[Collected data entries]
* * * *

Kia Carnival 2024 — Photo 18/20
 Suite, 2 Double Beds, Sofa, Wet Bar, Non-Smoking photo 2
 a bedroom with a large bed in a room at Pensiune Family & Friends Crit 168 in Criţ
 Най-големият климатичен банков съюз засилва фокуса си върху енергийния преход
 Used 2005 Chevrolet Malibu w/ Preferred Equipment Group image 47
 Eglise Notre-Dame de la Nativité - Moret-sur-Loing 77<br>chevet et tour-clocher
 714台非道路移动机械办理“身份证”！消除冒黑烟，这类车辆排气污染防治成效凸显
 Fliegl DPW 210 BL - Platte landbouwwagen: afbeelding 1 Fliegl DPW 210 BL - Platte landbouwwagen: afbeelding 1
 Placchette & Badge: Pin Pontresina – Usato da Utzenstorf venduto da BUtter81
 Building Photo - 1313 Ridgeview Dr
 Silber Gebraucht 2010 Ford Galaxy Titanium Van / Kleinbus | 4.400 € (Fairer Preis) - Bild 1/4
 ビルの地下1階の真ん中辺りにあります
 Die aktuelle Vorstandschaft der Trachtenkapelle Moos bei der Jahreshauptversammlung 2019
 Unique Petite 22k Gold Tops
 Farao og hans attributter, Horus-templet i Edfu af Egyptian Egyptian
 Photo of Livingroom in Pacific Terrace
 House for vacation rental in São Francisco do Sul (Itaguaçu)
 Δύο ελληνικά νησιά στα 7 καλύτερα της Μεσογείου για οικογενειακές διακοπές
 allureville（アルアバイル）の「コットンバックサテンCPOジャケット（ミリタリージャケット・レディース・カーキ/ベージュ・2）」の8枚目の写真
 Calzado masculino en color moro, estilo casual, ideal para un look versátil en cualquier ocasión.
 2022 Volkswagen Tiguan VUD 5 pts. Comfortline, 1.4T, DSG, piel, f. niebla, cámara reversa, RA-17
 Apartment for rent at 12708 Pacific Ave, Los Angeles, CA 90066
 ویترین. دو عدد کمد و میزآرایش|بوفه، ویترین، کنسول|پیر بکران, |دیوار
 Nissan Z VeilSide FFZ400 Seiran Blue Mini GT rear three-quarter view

* * * *

## TASK DESCRIPTION
Copy, from the lines above, each one that holds "Pacific".

## ANSWER BELOW
 Photo of Livingroom in Pacific Terrace
 Apartment for rent at 12708 Pacific Ave, Los Angeles, CA 90066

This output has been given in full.